TAJDID.ID || Ketua Umum PP Muhammadiyah, Prof Dr Haedar Nashir MSi mengatakan, Majelis Pustaka dan Informasi (MPI) harus menjadi pilar terdepan dalam menjalankan peran Muhammadiyah, bukan cuma untuk beradaptasi dalam era baru Revolusi 4.0, tapi juga memanfaatkan era digital tersebut sebagai sarana dakwah Muhammadiyah.

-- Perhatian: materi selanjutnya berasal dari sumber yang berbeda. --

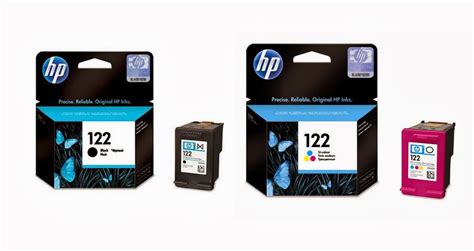 How To Reset The Hp Cartridges En Rellenado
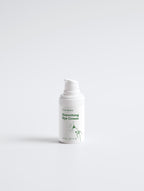 Collagen Night Routine Collection Box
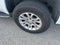 2016 GMC Yukon XL SLT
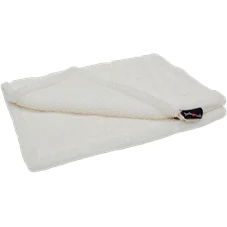 5415251089226_3 LR.png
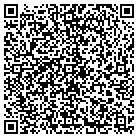 QR code with Marshfield Assembly of God contacts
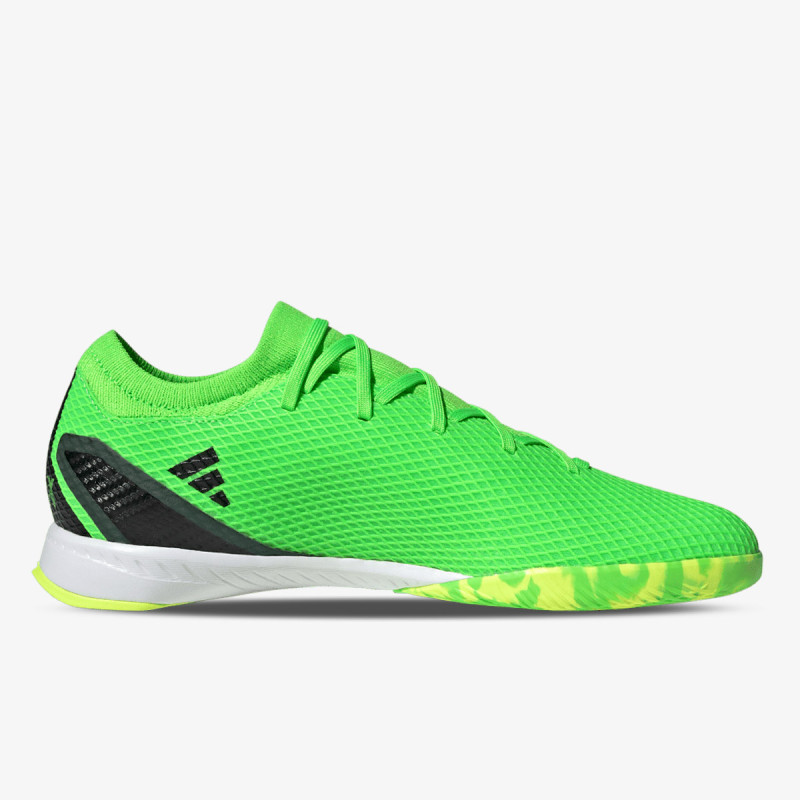 ADIDAS Patike X SPEEDPORTAL.3 IN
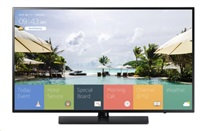 TV SAMSUNG HG55ET690U, 55"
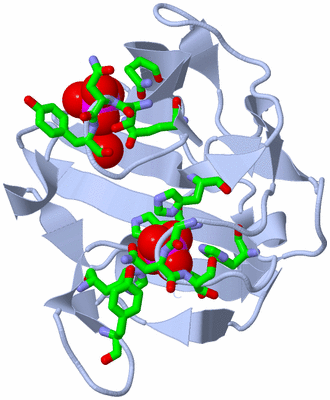 Image Biol. Unit 1 - sites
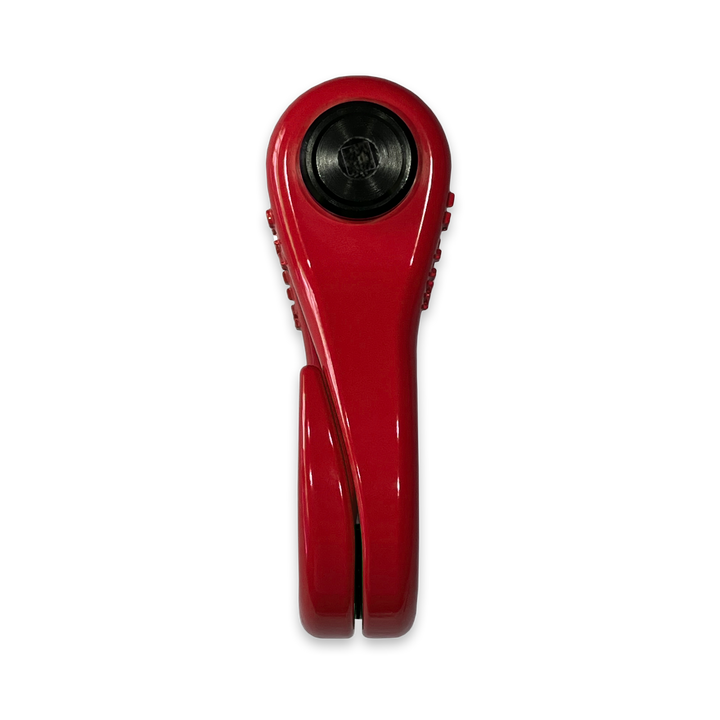 Jowl™ Recovery Split Shackle™ 3/4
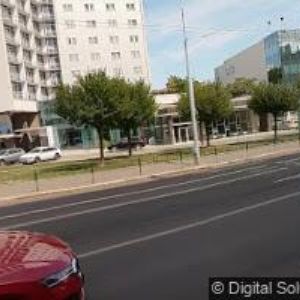 obrazek: avatar SBOR CÍRKVE BRATRSKÉ V BRNĚ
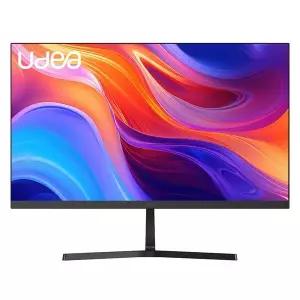 제이씨현시스템 UDEA EDGE ED2732IT 유케어 IPS 홈엔터 120 무결점
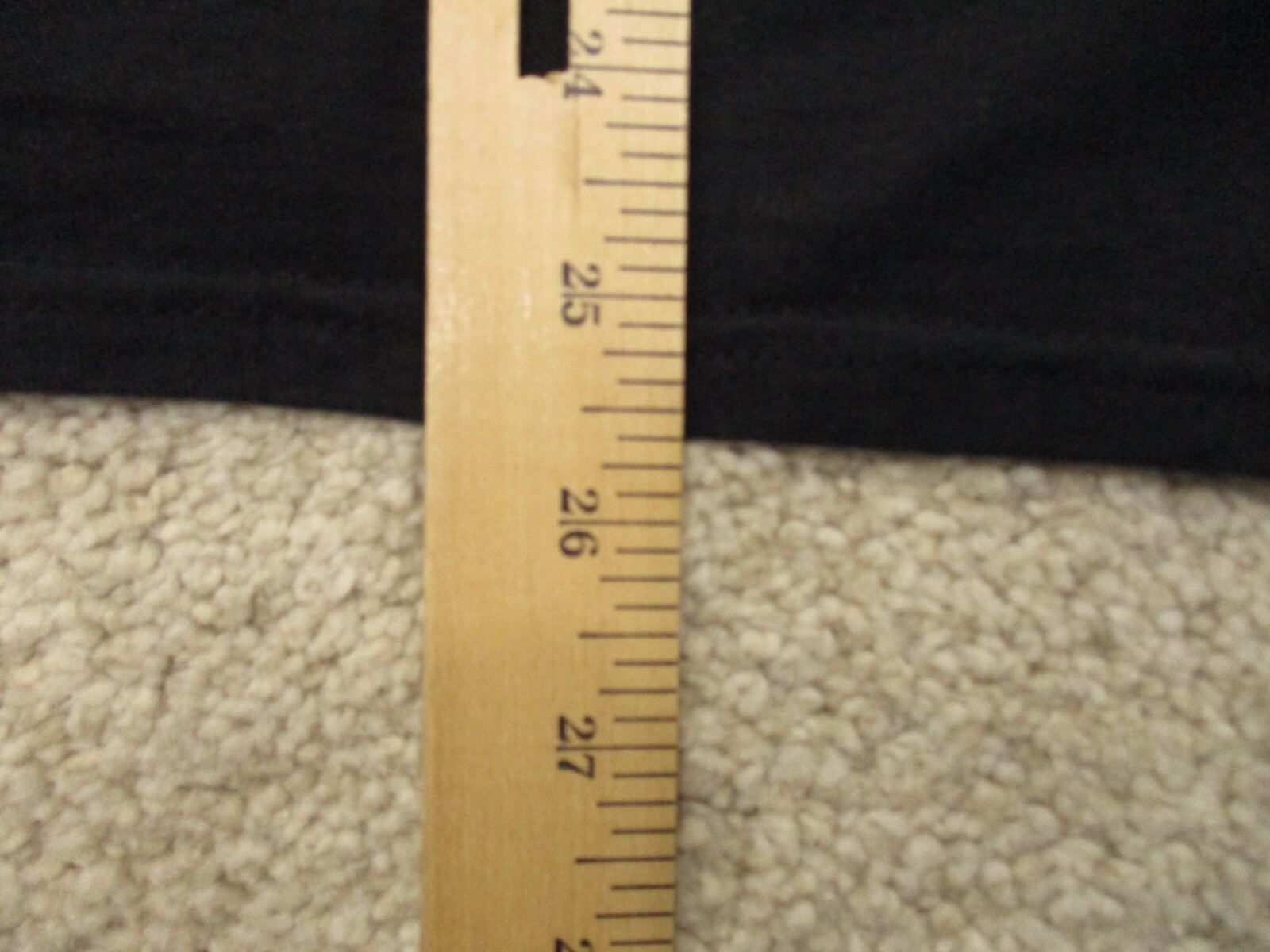 Picture 8 of 9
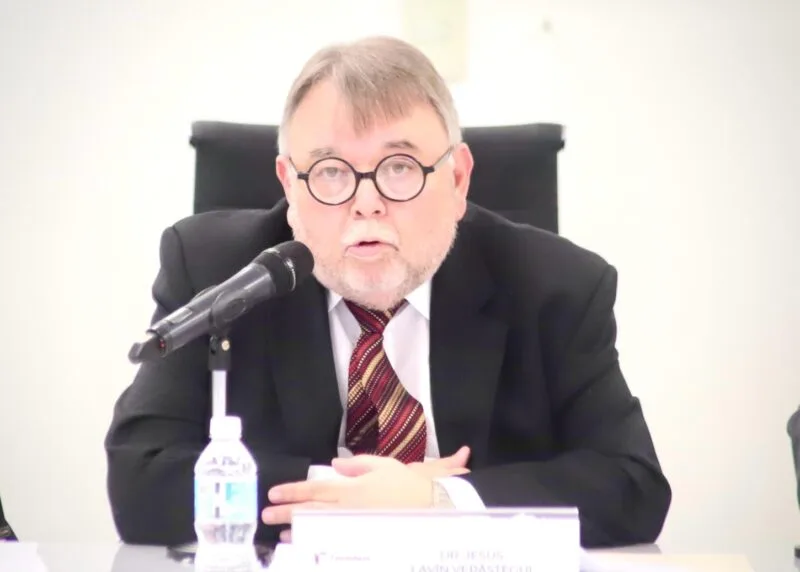 Logra gobierno de AVA recaudación récord de 298 MDP en tres meses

“Dakwah (tabligh) Muhammadiyah, termasuk lewat dunia digital yang begitu rumit dan kompleks namun sangat efisien, cepat dan mudah, harus menjadi komitmen kelembagaan,” ujar Haedar ketika memberikan arahan dalam acara pembukaan Silaturrahmi Nasional MPI Se-Indonesia, Sabtu (11/6).
“Saya percaya MPI sudah memulai itu dan terus mengembangkan persyarikatan ini untuk mampu berperan untuk menjalankan fungsi dakwah dan tajdid di era kehidupan yang semakin super modern, dimana revolusi iptek menjadi terdepan saat ini,” imbuhnya.
Karena itu, melalui Silatnas ini, Prof Haedar meminta MPI untuk merumuskan konsep dan strategi yang paling bisa dilakukan, sehingga Muhammadiyah mampu hadir di era digital dengan peran yang proaktif, dinamis, progresif dan bisa menghadirkan dakwah yang mencerahkan, memberdayakan, memajukan dan mencerdaskan kehidupan bangsa.
Kemudian, dalam konteks syiar Muktamar, Prof Haedar meminta seluruh organ bersinergi dan berintegrasi untuk menyukseskan Muktamar ke-48 Muhammadiyah/’Aisyiyah.
“MPI dan seluruh organ yang menjadi pelaksana Muktamar harus mampu bersinergi dalam rangka menyukseskan Mukatamar Muhammadiyah dan ‘Aisyiyah dari segi syiar,” harapnya.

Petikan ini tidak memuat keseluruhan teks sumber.